Cuba managed silver in the 2008 Olympics, losing the final to South Korea.
Team captain and left-fielder Frederich Cepeda won gold in the Athens Olympics and silver in Beijing. He's also played in other international tournaments - including the World Baseball Classic, which showcases Major League Baseball players. He says nothing compares to the Olympics.
"It's a reckless decision," the 28-year-old said before an intersquad game under a sweltering sun at Havana's fabled Estadio Latinoamerico. "I don't know what whim it was that removed the game from the Olympics. They're eliminating a very beautiful sport."
Yulieski Gourriel, a 24-year-old infielder who also played in Athens and Beijing, wasn't shy about blaming IOC president Jacques Rogge, who once played rugby on a national level for his native Belgium.
"He simply doesn't like the game of baseball," Gourriel said.
Though baseball officially is an amateur game here - Fidel Castro banished pro sports in 1961 - Cuba's players are venerated as heroes, and are expected to perform as such. The cash-strapped government spares nothing to prepare the squad, and Olympic medals still symbolize the success of the 1959 revolution that brought Castro to power.
Cuba's dominance has been challenged in recent years by defections, emerging powers in Asia and Europe and, in some domestic quarters, by what's seen as lack of discipline.
Cuban officials - and some fans - insist that TV ratings and revenue trumped baseball's culture in the Olympic decision. Eduard Martin, manager of the Villa Clara province team, suggested the games could be shortened to better accommodate TV.
"I am hurt, as a trainer and as a dedicated manager for more than 30 years. I think it's got to be resolved somehow," said Martin, who last season led his team to the National Series, Cuba's equivalent of the World Series.
Martin Chacon Perez, a 48-year-old taxi driver, also believes the Olympic call came down to time and money.
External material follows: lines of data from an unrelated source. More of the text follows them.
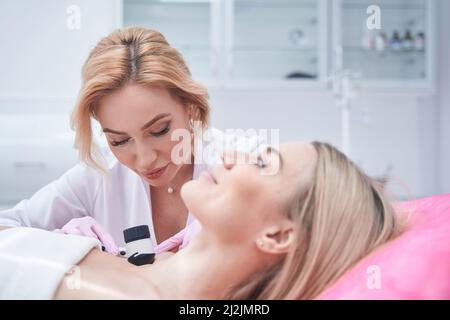 Focused doctor in nitrile gloves performing dermoscopy Stock Photo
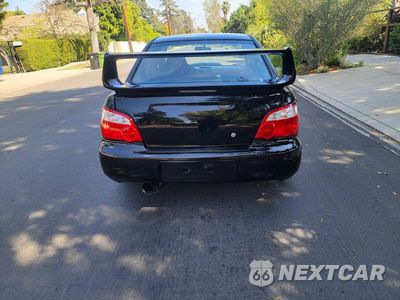 Zdjęcie 13 z 13 samochodu: 2004 SUBARU IMPREZA WRX STI VIN:JF1GD70694L521776 - miniatura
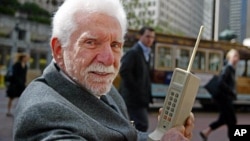 Martin Cooper, difoto pada 2003, memegang model asli prototipe telepon yang ia pakai untuk membuat panggilan telepon pertama dari telepon selular pada 1973. (AP/Eric Risberg)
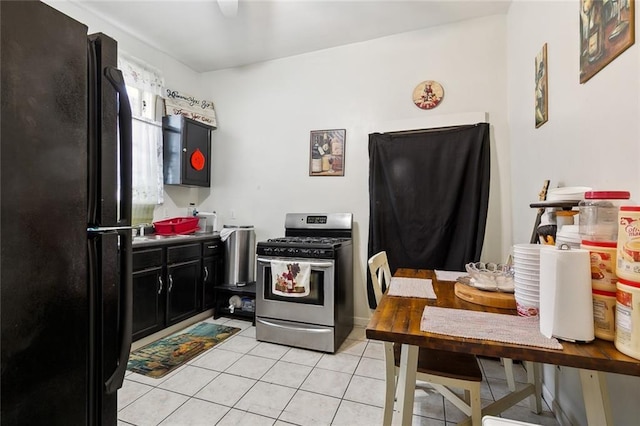 kitchen featuring stainless steel range with gas cooktop, black refrigerator, and light tile patterned floors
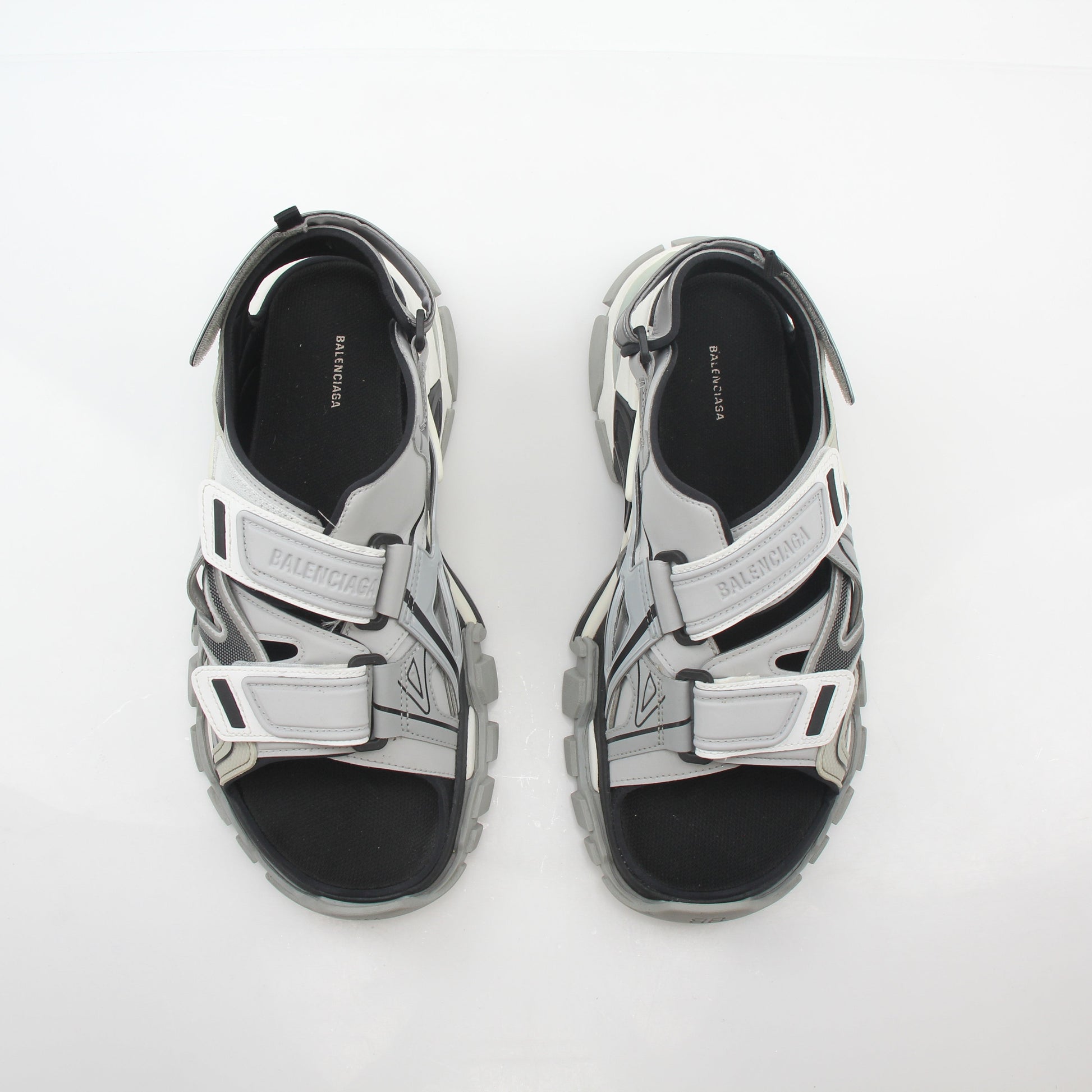 Grey Balenciaga track sandals with sporty design, featuring chunky soles and adjustable straps, worn by a person in casual attire.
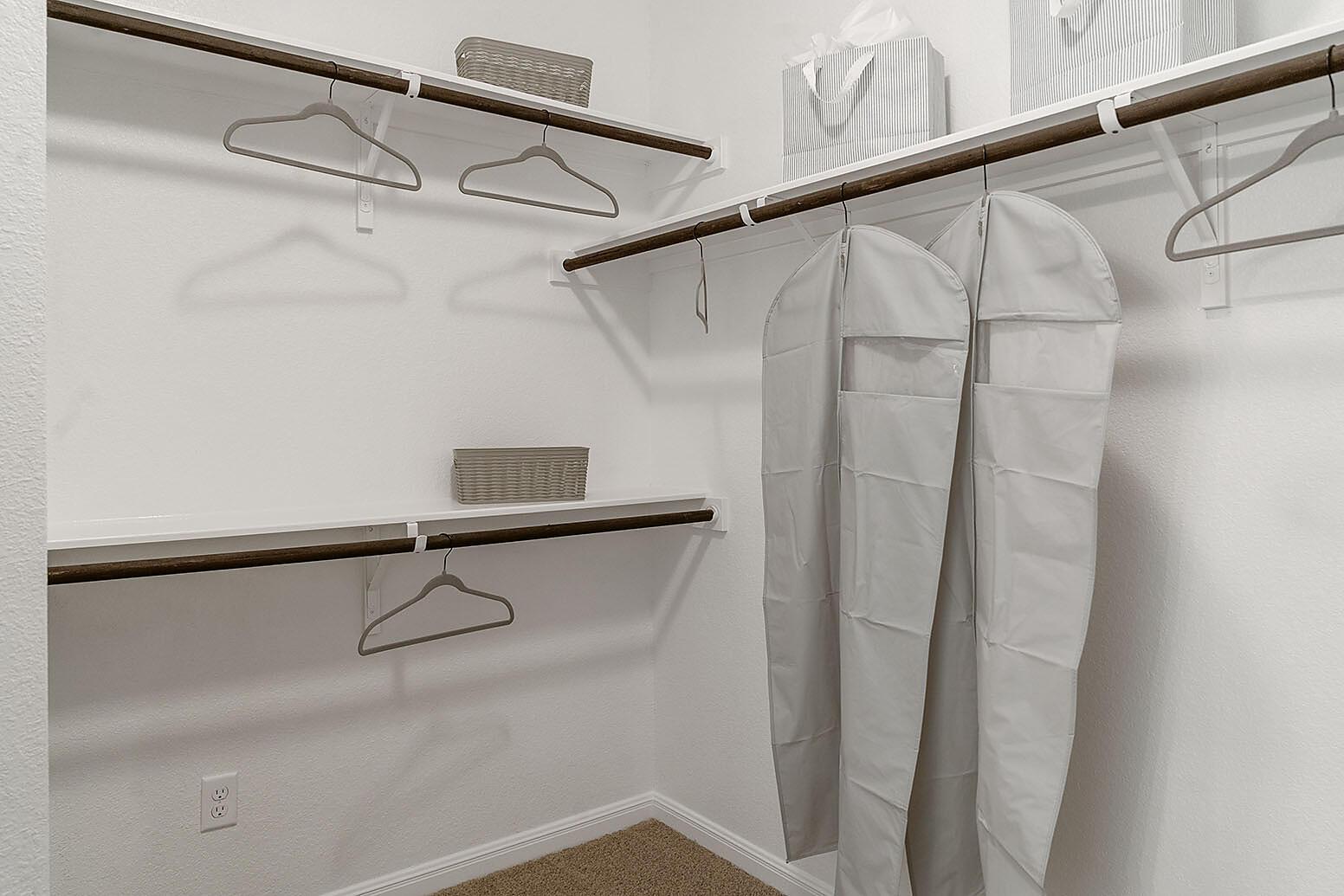 20603 B Combine Path Pflugerville, TX 78660 - Photo 16 of 19 Integrated shelving and rods offer organized storage solutions in this well-appointed closet space.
Watching the intersquad game from a worn, wooden seat, Perez said that he thought the duration of baseball games no longer is suited to the demands for high TV ratings abroad.
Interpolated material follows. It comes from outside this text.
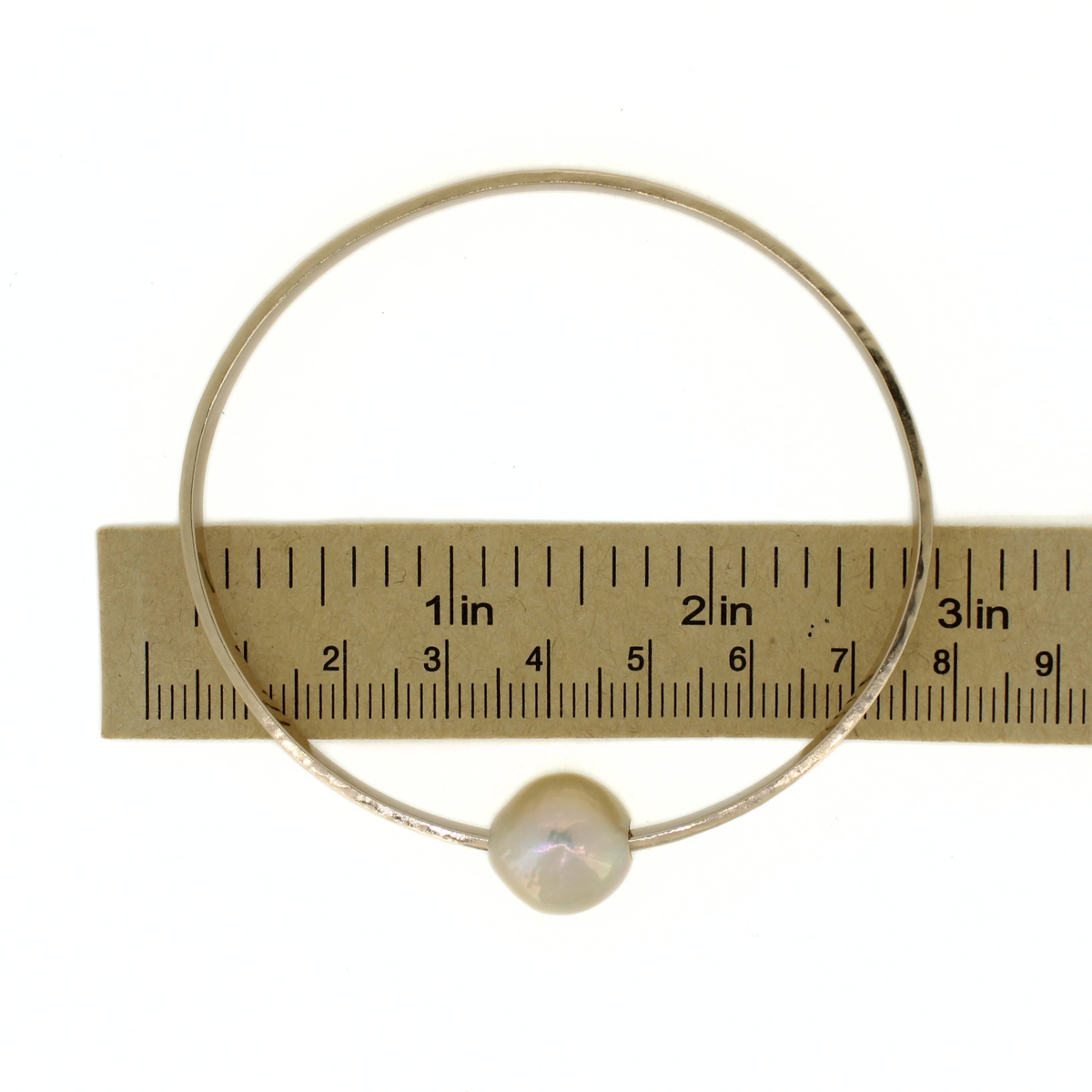 A thick gold oval bangle bracelet with a single round white pearl, shown next to a paper ruler for scale on a white background.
"In my opinion, it's the delays during the game," he said. "The capitalists want more advertising, and that affects them."
Harvey Schiller, president of the International Baseball Federation, told member nations in an August letter that it isn't worth trying to get the sport back in the Olympics again. The IOC, he said, sent "a clear message that despite any changes we make, we are not part of their plan."
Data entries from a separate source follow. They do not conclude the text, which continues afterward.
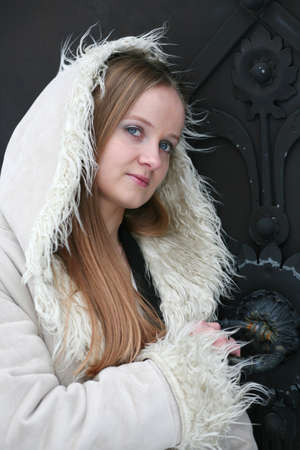 Blond girl in fur coat in front of black metal doorの写真素材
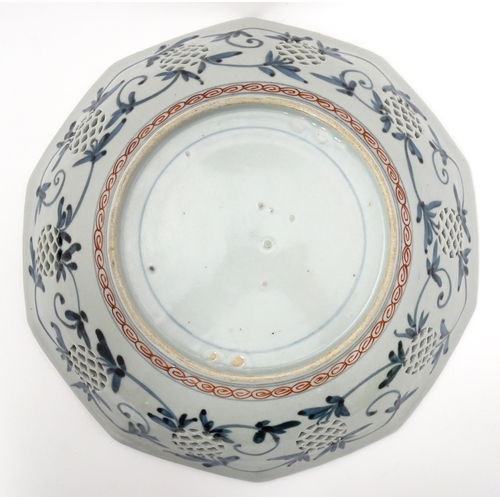 65A - A Japanese dish with ten sides decorated in the Imari palette with flowers and foliage, and ten roun... 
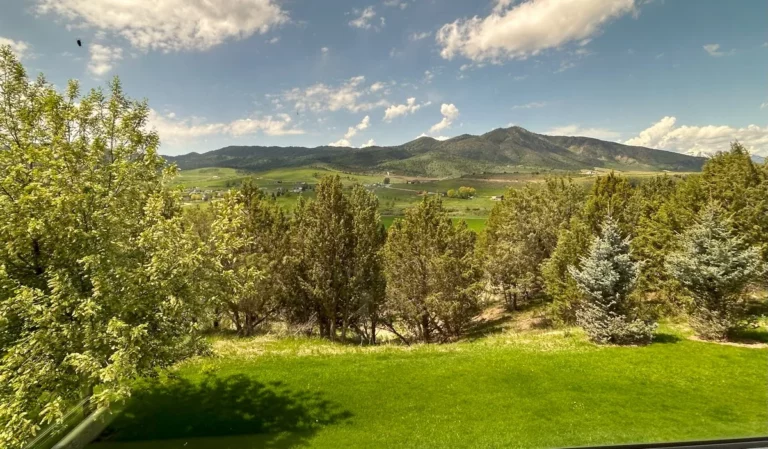 Mountain and valley view through freshly washed windows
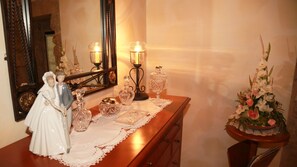 A wooden dresser with a mirror, decorative glassware, and a figurine. - Casa Do Sear (Sanxenxo)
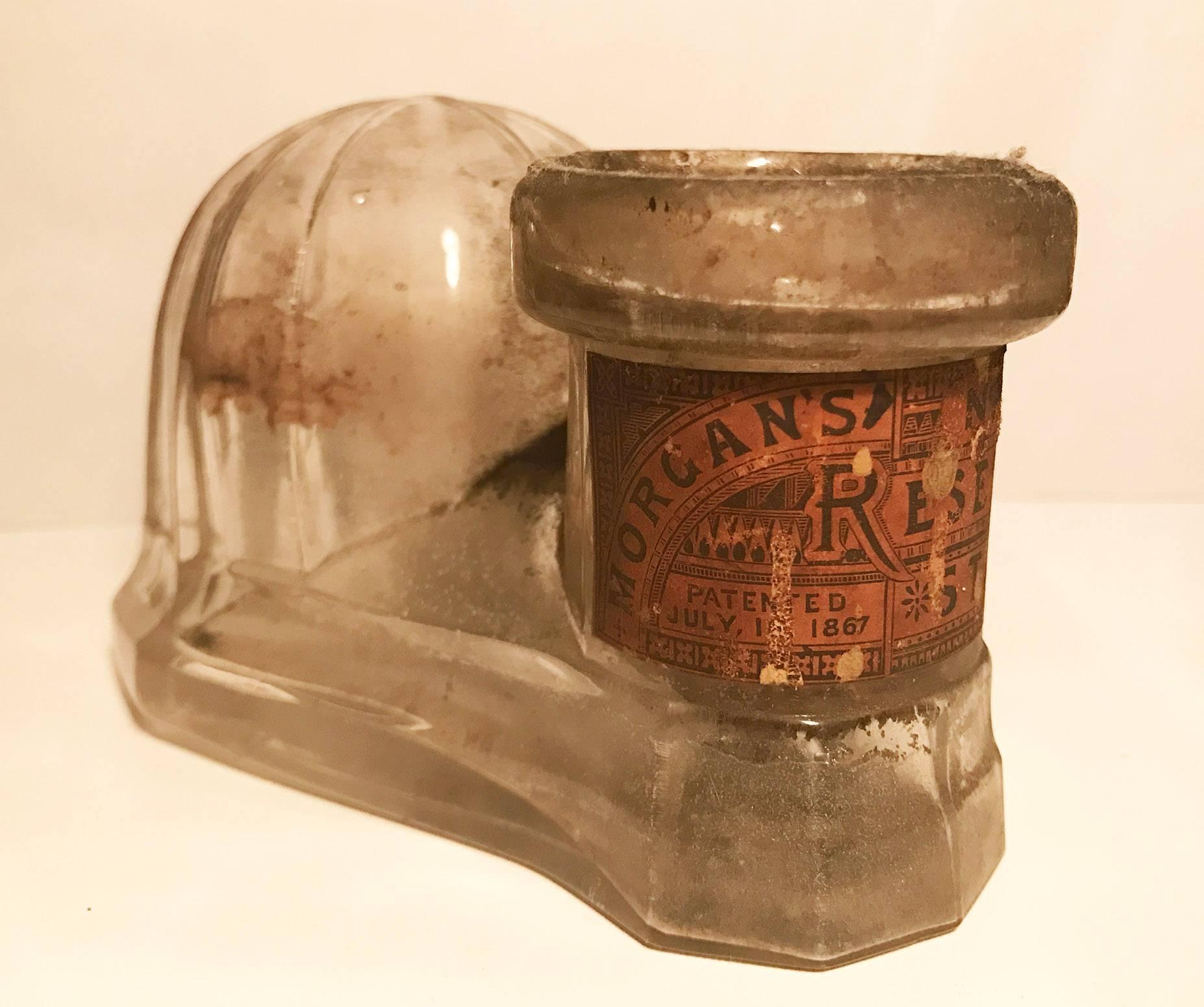 Antique clear dome top glass inkwell bottle reservoir stand Morgan's patent 1867 with paper label.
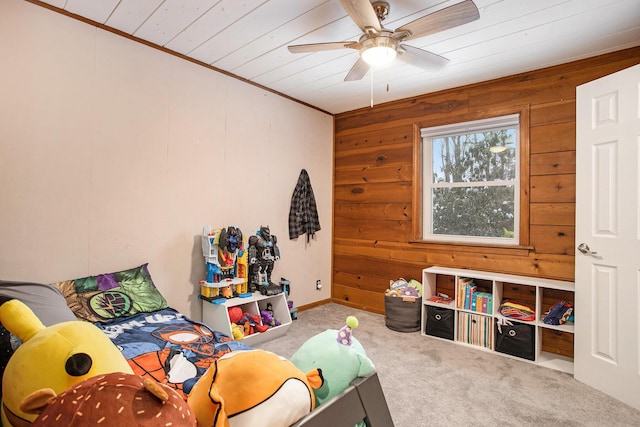 recreation room with carpet flooring, ceiling fan, ornamental molding, and wood walls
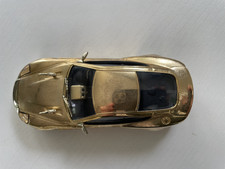 James Bond 007 40th Anniversary Gold Aston Martin V12 Vanquish. CORGI CC07505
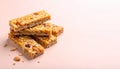 Stacked granola bars on matte pastel peach gradient background Royalty Free Stock Photo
Added Omar Linares, the former third baseman considered perhaps Cuba's greatest player: "The dream of every athlete is to be an Olympic champion. They're taking our dream away."
Last month, Venezuelan President Hugo Chavez labelled golf "a bourgeois sport" and suggested a city course ought to be expropriated to make room for housing. Cuban Vice President Jose Ramon Fernandez, president of the national Olympic Committee, has declared golf "a sport for the elite."
Johan Bager Vega describes himself as Cuba's only "golf teacher" at the state-run Havana Golf Club, where greens fees run $32 per round - nearly double the monthly state salary of under $20. A clubhouse sign warns players to beware of snakes and bees.
It's a 9-hole, par-70 (you play twice) in the capital's southern Industrial Boyeros neighbourhood, founded by British diplomats in the 1940s. Getting there means taking a narrow road and dodging horse-drawn carts and dogs.
"There is no golf tradition. You have to start playing it from here," Vega said, stretching his hand out knee-high.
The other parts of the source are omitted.